Rachel Cognata & Marge Dunn in "Cardboard Piano"
(photo: Andrew Brilliant/Brilliant Pictures)

Cardboard Piano by South Korean playwright Hansol Jung, the current production by New Rep Watertown in its New England premiere, is set in its first act in Northern Uganda at the turn of the millennium (facts not noted in the program but only gradually revealed in the course of the performance). It begins with a meeting of a local Ugandan girl, Adiel (Rachel Cognata) and Chris (Marge Dunn), the daughter of American missionaries. Both are teenagers (though the actresses who portray them obviously are not), whose lesbian love story has developed in secret during the growing civil war. Just as they have completed their vows in their private ceremony, they are interrupted by the arrival of an escaping child soldier Pika (Marc Pierre) and a gun-bearing Soldier (Michael Ofori) hunting him. The first act ends tragically, though predictably.

Michael Ofori in "Cardboard Piano"
(photo: Andrew Brilliant/Brilliant Pictures)

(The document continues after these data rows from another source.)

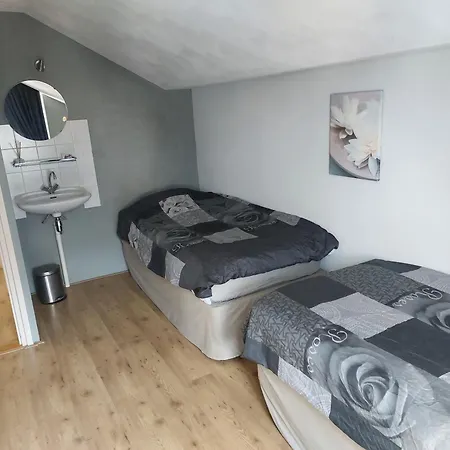 Holiday home In Katwijk aan Zee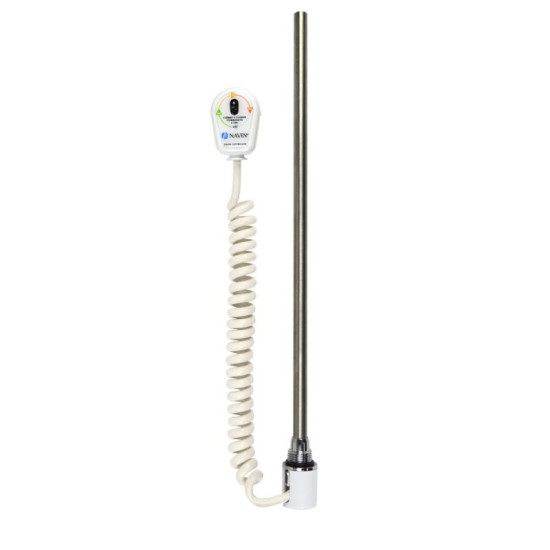 ТЕН NAVIN Basic 300W білий з таймером 20-127031-3030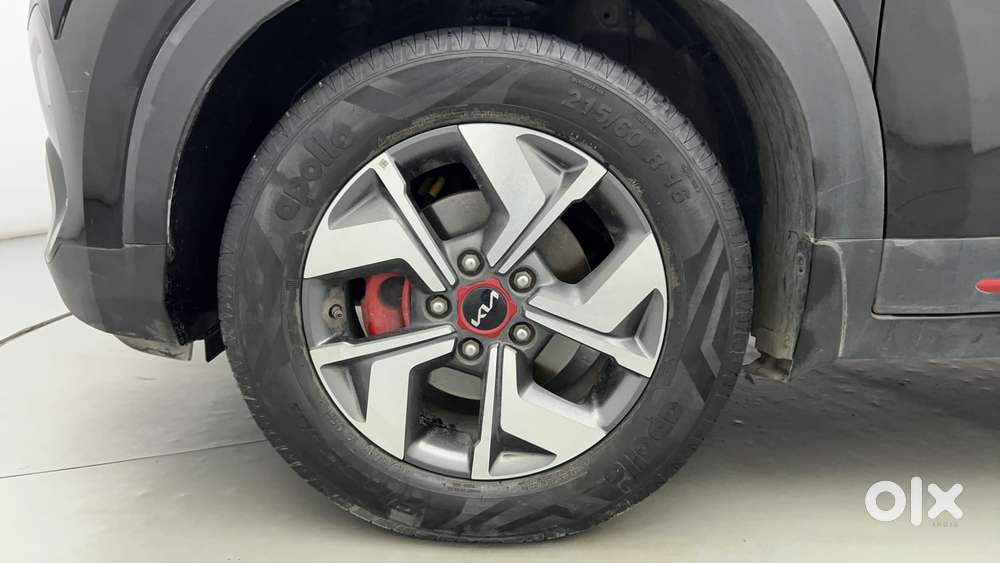 Kia Sonet Gtx Plus 1.5 Dct At, 2022, Diesel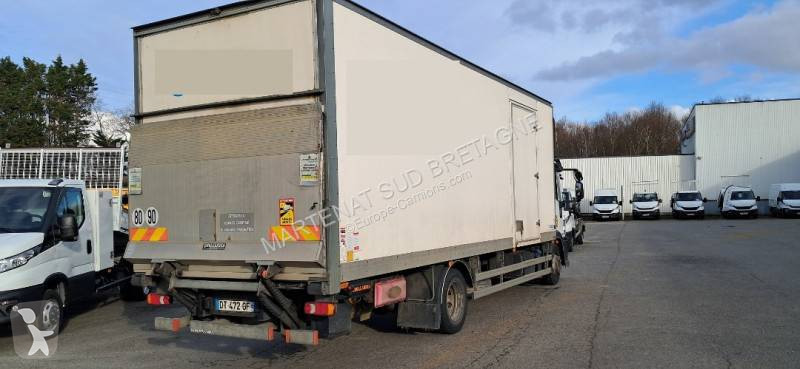 Camion Iveco
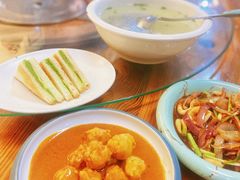 -老巴刹新加坡餐厅
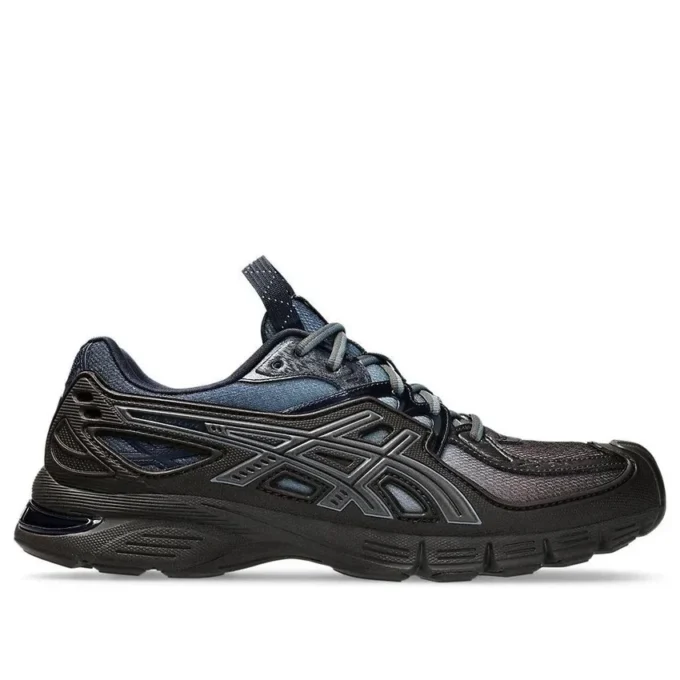 Asics x Kiko Kostadinov UB13-S Gel-SD Lyte «Brown Mauve Blue» Asics x Kiko Kostadinov UB13-S Gel-SD Lyte «Brown Mauve Blue»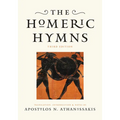 The Homeric Hymns - Paperback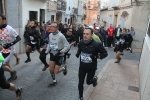 GALERIA 1: Salida y carrera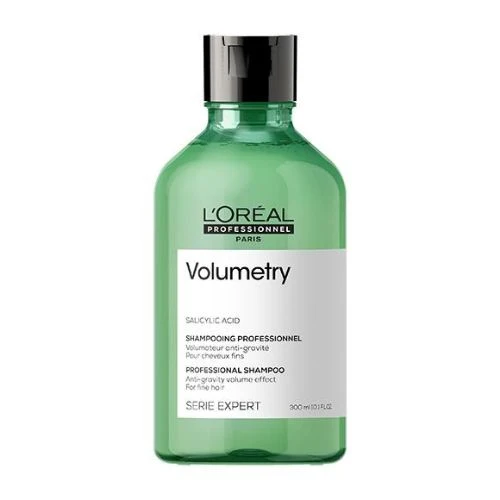 L'ORÉAL shampoing volumetry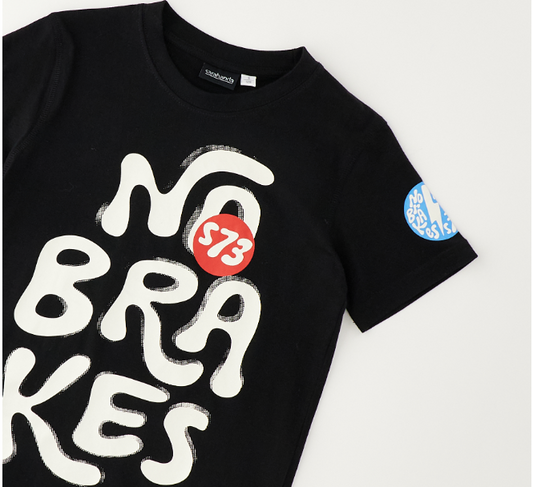 Sarabanda - T-SHIRT Ragazzo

The second act takes place some fifteen years later in the same locale (again no program note reveals this); several of the characters are eventually shown to be connected to one another, namely a subsequent pastor, Paul (Ofori again) and his wife Ruth (Cognata again) as well as a young gay congregant, Francis (Pierre again). As the play winds down, we are presented with the fact that there still exist deep roots of hate and bigotry, especially with regard to homophobia, while we also experience the discovery of the power of forgiveness. That's about as specific as one can be without giving away some crucial plot points.

Marge Dunn, Marc Pierre & Rachel Cognata in "Cardboard Piano"
(photo: Andrew Brilliant/Brilliant Pictures)

The arc of the play, over two hours, needs some fine tuning, especially to engage sooner with the audience, as the characters and their issues are revealed. As Directed by Benny Sato Ambush, the four actors who comprise the entire cast manage with varying degrees of success to convey their conflicts. Of the seven roles portrayed in this mounting, the most memorable is that of Cognata's depiction of Ruth, who ably expresses her growing realization of what has occurred in the past that is so profoundly echoed in the present. With respect to the creative team's contributions, the clever Scenic Design is by Jon Savage, with Costume Design by Leslie Held, Lighting Design by Scott Pinkney and Sound Design by Dewey Dellay.

Marge Dunn & Michael Ofori in "Cardboard Piano"
(photo: Andrew Brilliant/Brilliant Pictures)

Though occasionally encumbered by what might be viewed as rookie missteps for this young playwright (whose thesis project at Yale School of Drama was this work), there are important spiritual crises dealt with here. It's unfortunate that they are at least in part diminished by some coincidences that skirt the parameters of credulity. Whatever its shortcomings, it asks a few fundamental questions, one of which Director Sato Ambush demands in his own program notes: “What kind of God believes some of His creation are born wrong”?